**DATA**.
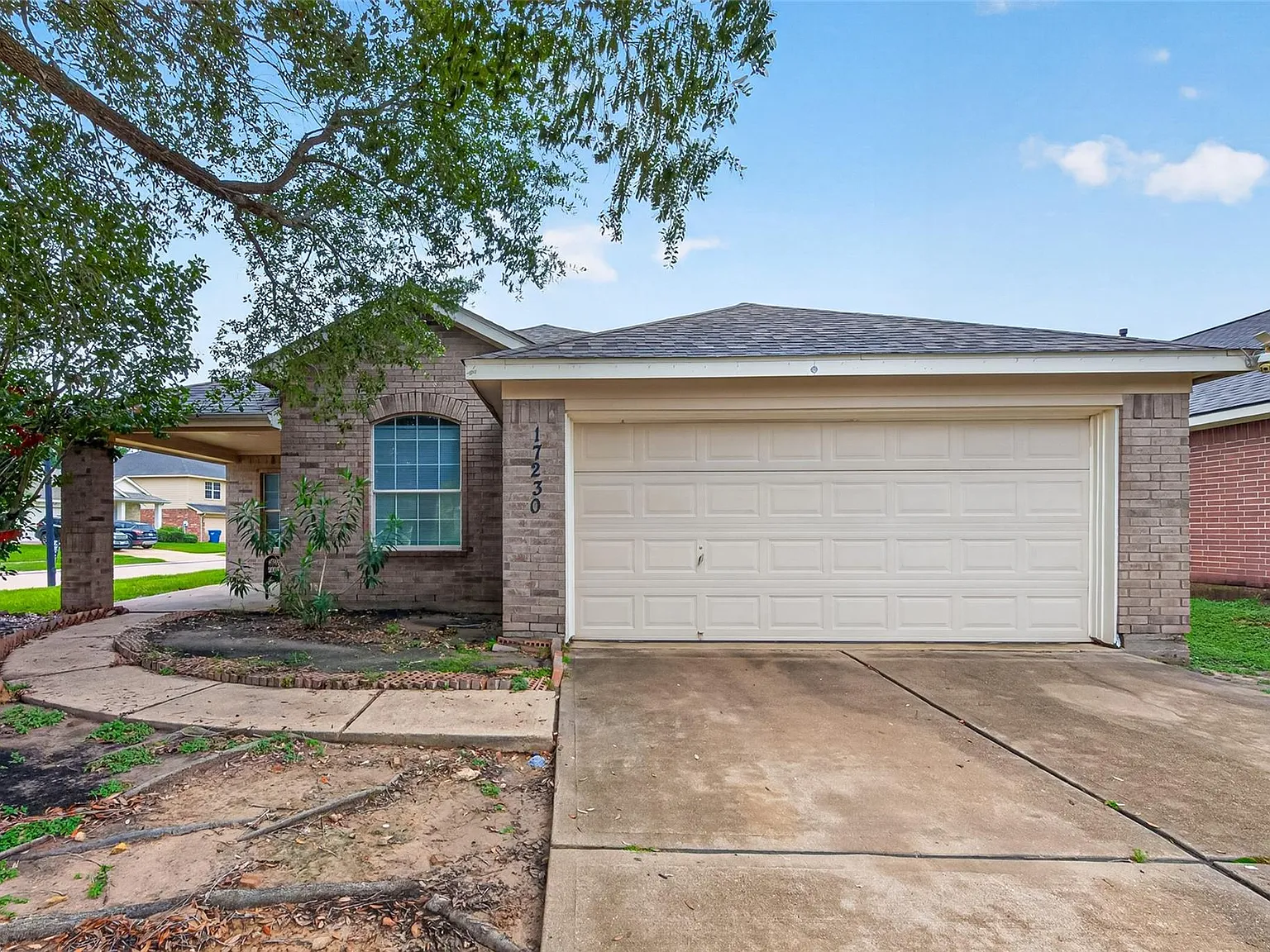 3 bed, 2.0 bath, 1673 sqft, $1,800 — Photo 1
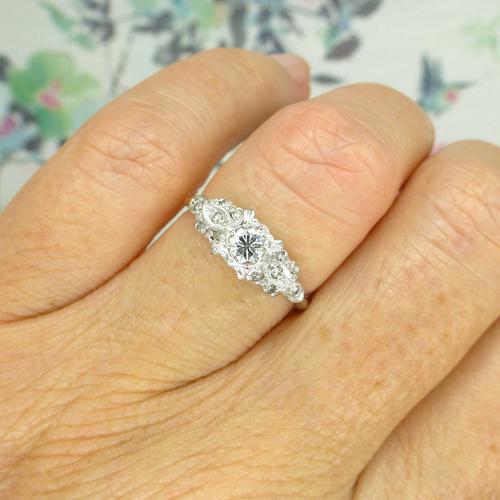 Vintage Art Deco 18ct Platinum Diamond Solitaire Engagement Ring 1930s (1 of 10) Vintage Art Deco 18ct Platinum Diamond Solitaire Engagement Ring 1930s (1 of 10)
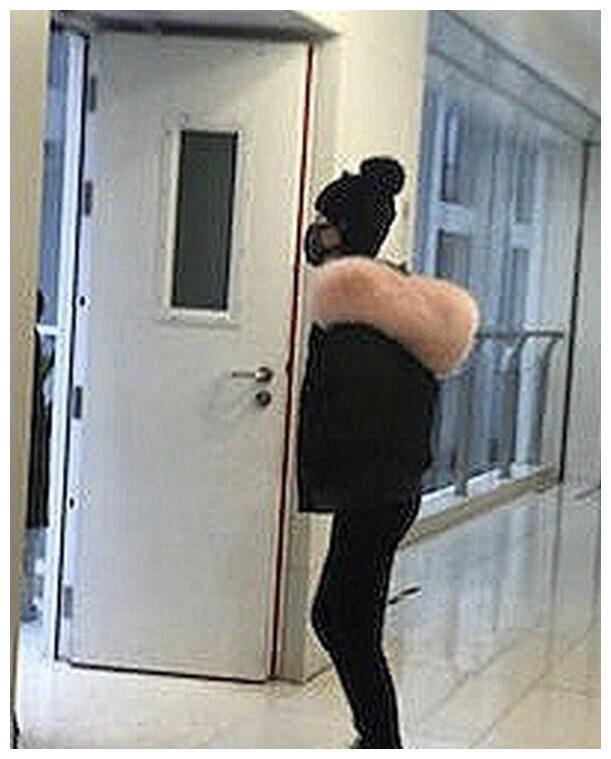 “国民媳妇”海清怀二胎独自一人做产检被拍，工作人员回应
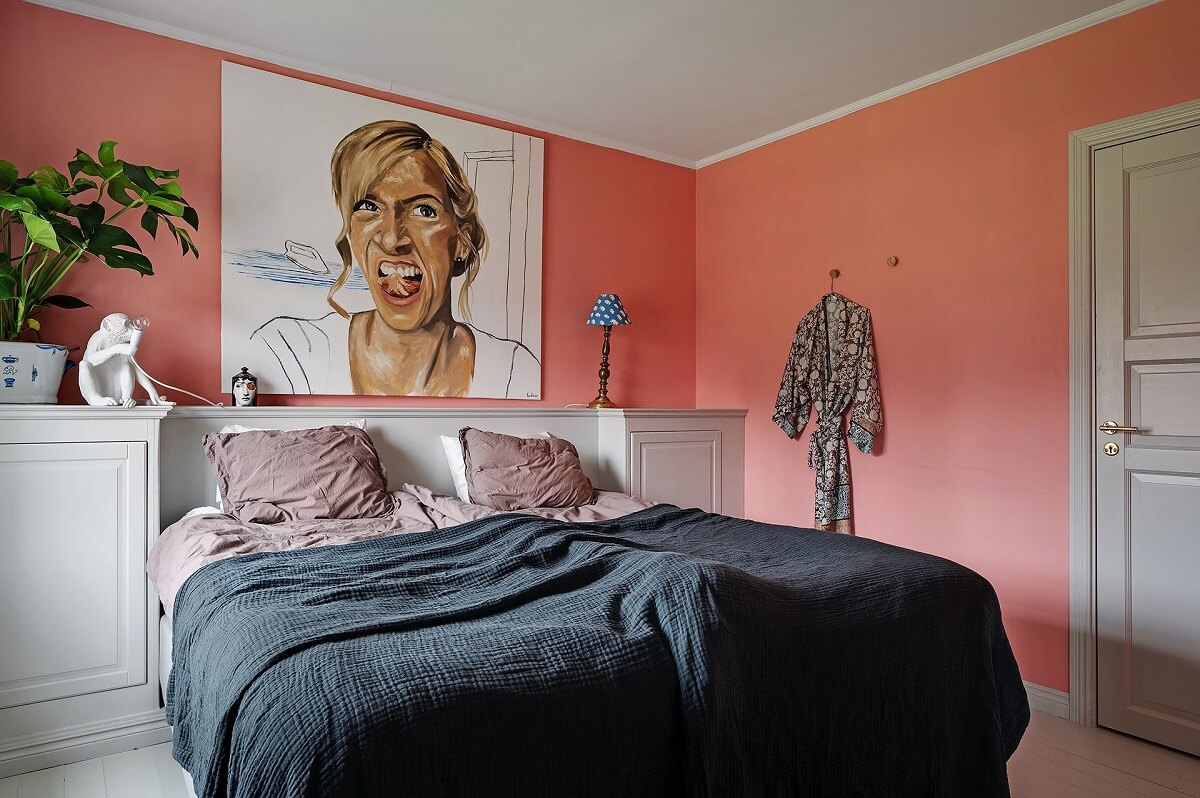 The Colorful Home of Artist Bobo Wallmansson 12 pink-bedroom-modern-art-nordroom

**YOUR GOAL**.
The data above must be given again in full and unaltered, minus its images.

**EXERCISE RESULT**.
 3 bed, 2.0 bath, 1673 sqft, $1,800 — Photo 1
 Vintage Art Deco 18ct Platinum Diamond Solitaire Engagement Ring 1930s (1 of 10) Vintage Art Deco 18ct Platinum Diamond Solitaire Engagement Ring 1930s (1 of 10)
 “国民媳妇”海清怀二胎独自一人做产检被拍，工作人员回应
 The Colorful Home of Artist Bobo Wallmansson 12 pink-bedroom-modern-art-nordroom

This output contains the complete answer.